Cevher İLHAN |
|
“Açılım” anaforu… |
Ankara, “açılım” anaforunda. “Açılımlar”ın biri bitmeden diğeri başlatılıyor. Ve peşpeşe gelen bu “açılımlar” ne garip ki bütün açılımların omurgası olan “demokratik açılım”ı bir türlü sağlayamıyor. Türkiye, “Kürt açılımı”, “Ermeni açılımı”, “Alevî açılımı”, “Kıbrıs açılımı” ve en nihâyet “Romen açılımı”yla devam eden “açılımlar” arasında savrulurken, şimdi de “Süryani açılımı”ndan bahsediliyor. Böylece başta demokratikleşme olmak üzere iç ve dış gündeme dair birçok önemli konu, açılım tartışmalarının gürültüsüne geliyor. Oysa bu tür etnik ve mezhebî gruplara göre tek tek “açılım” yerine, Türkiye’nin inanç, düşünce ve ifâde özgürlüğü ile hak ve hürriyetler açısından köklü bir demokratik açılıma ihtiyacı var. Bu bakımdan, ilk AKP hükûmetinin kurulduğu 16 Kasım 2002’de bizzat AKP Genel Başkanı Erdoğan’ın kamuoyuna deklâre ettiği “Âcil Eylem Plânı”nda söz verilen “Türkiye âcilen hukuk devleti zeminine oturacaktır. Bunun için her türlü yasal düzenlemeler yapılacak olup, uygulamalarda sıkı sıkıya takip edilecektir” vaadinin gerçekleşmesi şart. Temel hak ve özgürlüklerle ilgili düzenlemeler evrensel düzeyde kabul edilmiş standart ve normlar ile AB kriterlerine ulaşması sözünün tutulması icâb ediyor…

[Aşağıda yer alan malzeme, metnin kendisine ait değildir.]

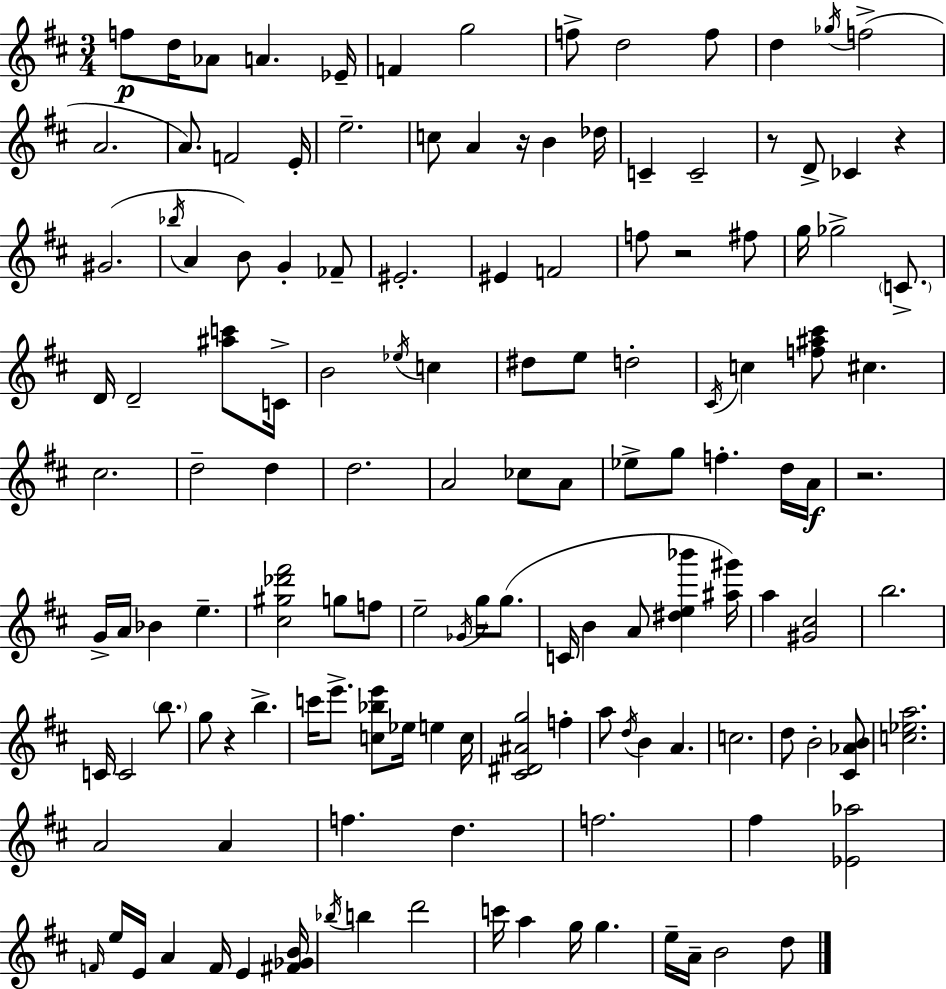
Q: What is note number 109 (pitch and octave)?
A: E4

“ERMENİ AÇILIMI”NDAN “ROMAN AÇILIMI”NA… Bir yıllık takvim içinde taahhüd edilen, “Sosyal politikalar alanında yapılacak her türlü düzenlemede özellikle gelir dağılımını düzeltici ve yoksul kesimleri gözetici unsurlar göz önünde bulundurulacağı” vaadinin tutulması, siyasetin ve eğitimin önündeki her türlü antidemokratik engelin kaldırılıp demokratikleşmesi zarûreti duruyor. Yine her seçim bildirgesinde ve hükûmet programında yinelenen, “İnsanların ayırım gözetilmeksizin, ekonomik ve sosyal bakımdan güvencede yaşamaları ilkesi çerçevesinde AB standart ve normlarının sağlanması, ekonominin geliştirilmesi vaadinin yerine getirilmesi gerekiyor. Oysa “açılımlar”a baktığımızda verilen vaadlerin üzerinden 7.5 yıl geçtiği halde siyasî iktidarın hiçbirinin alt yapısını hazırlamadığını görüyoruz. Bundandır ki “açılımlar” daha başlamadan bitiyor; vaadler havada kalıyor. Meselâ, geçtiğimiz haftalarda başlatılan “Romen açılımı”, en son bu açılımdan sorumlu Devlet Bakanı’nın konuşmasına karşı çalgı ve oyun havalarında kayboldu. Hatırlanacağı üzere, “Fak-Fuk Fon”un 100’er lira verdiği harçlıkla tutulan yüzlerce otobüsle binlerce Roman vatandaş Anadolu’nun muhtelif şehirlerinden toplatılıp İstanbul Abdi İpekçi spor salonuna getirildi. Ne var ki Romanlar, “açılım”da TOKİ evlerini istemediler; “Biz alışmışız evin önünde oturup çekirdek çıtlatmaya” isteklerinde ısrar ettiler. Başbakan’ın ve Roman aydınlarının “apartman dairelerine ikna süreci”nde kaldı. Sazlı-sözlü-çengili davul-zurna alaylarıyla, oyun ve şovlarla salonu dolduranların birlikte göbek atarak “Tayyip Baba!” diye karşıladıkları Erdoğan’ın, “Coşkunuz, heyecanınız, müziğiniz, eğlenceniz dâim olsun” diye başladığı ve “ille de Roman olsun!” övgüsüyle bitirdiği vaadleri de kesmedi. Romanlara, “sopar, elekçi, apdal, mıtrip, bala, paşa, gurbet, aşık, cano, şigan, cingan, çingene” dendiğini hatırlatıp “Siz Rom’sunuz, yani cansınız” diyen Erdoğan’ın, “Bu kardeşiniz Kasımpaşa’da, Dolapdere’de, Hacıhüsrev’de Romanlarla büyüdü, futbol oynadı” ikrarıyla gönüllerini almaya çalıştı. Ancak Sulukulelilerin “kırık kalpleri”ni tâmir edemedi. “Roman açılımı”, Kibariye’nin Erdoğan’ın elini tutarak “Çok yakışıklı adamsın, olay bir adamsın, üstüne adam tanımam anacım” medhiyesinin yer aldığı görüntü ve fotoğraflarıyla kaldı…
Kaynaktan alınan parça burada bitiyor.